Scheduling a secondary device queue?

I’m working on some dynamic global illumination that isn’t quite real-time, but instead spreads the calculation out over a number of frames. Subdividing this task into equal parts to be processed each frame is a bit difficult.

The time it takes the process to complete doesn’t matter, but its impact on the GPU does matter. Ideally I would like to create a secondary device queue, send it a command buffer, and tell it “take no more than 20% of the GPU power to do this, however long it takes”.

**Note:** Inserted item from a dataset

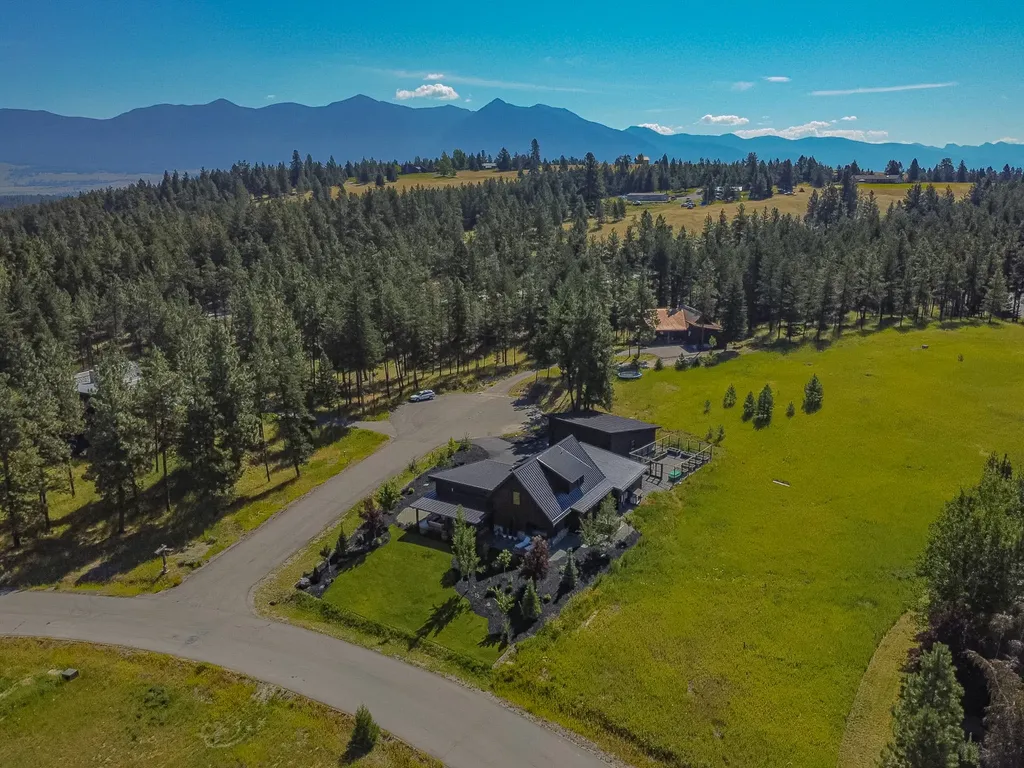 28 Keel Court Eureka MT 59917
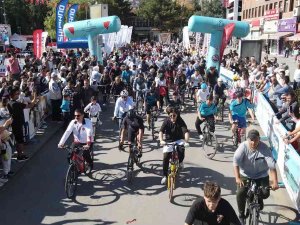 Türkiye Bisiklet Şampiyonası’nın Son Gününde Bu Kez Vatandaşlar Pedal Çevirdi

The goal is to prevent erratic frame rendering times, but also prevent the “background” queue from hogging the GPU.

Any advice?

It actually looks like the queue priority does what I am asking. The spec does not provide any information on the relative value of priority values, but the fact it is a normalized number perhaps implies a percentage of available resources:
https://www.khronos.org/registry/vulkan/specs/1.3-extensions/html/vkspec.html#devsandqueues-priority

Queue priorities are just a hint.

There are no anti-starvation guarantees.

The priority number has no defined meaning, except that higher number means same or higher “priority” (for unspecified meaning of “priority”).

Your GPU only has so many computational resources. They are shared by all queues that use shaders of any form. As such, while the two queues can have separate streams of commands, they cannot fully execute their workloads independently. For the GI queue to process something, it must take time some computational resources away from the rendering queue.

Exactly how the GPU does load balancing for these kinds of thing will vary from GPU to GPU. The priority is just a suggestion; how exactly it will be respected is up to the implementation.

Yeah, I tried it with queues from two different shader families, one for rendering+compute the other supporting just pure compute, and I’m still seeing the same error on vkWaitFences(). It works fine if I lighten the load of the compute shader.

It’s disappointing I can’t run a big compute shader without stalling out the rendering queue.

GPU is an Nvidia GeForce 1660.

Should it be disappointing, though?

In order to be able to do that, the compute queue would have to be able to have its own computational resources distinct from those on the graphics queue. Which means that those resources would not be available to graphics operations.

Isn’t that bad? I mean, if you have 10 compute cores, and 3 of them are dedicated to compute operations, but you’re only able to fill 2 of them, while your graphics operation really could be faster if it could get 8 cores… isn’t it better to be able to let the graphics operation fill up that core instead of it going unused?

Dynamic load balancing is always going to give better overall performance compared to static load balancing.

Is your GI operation a single, large dispatch call or is it broken down into multiple dispatch operations? Are those dispatches in separate batches? Basically, is it possible to submit your GI operations in smaller pieces, once every frame?

1 Like

I figured multiple queues on a GPU would be similar to running multiple threads on a single-core CPU. I can think of many uses for that, but I don’t know anything about the details of how the hardware would handles it.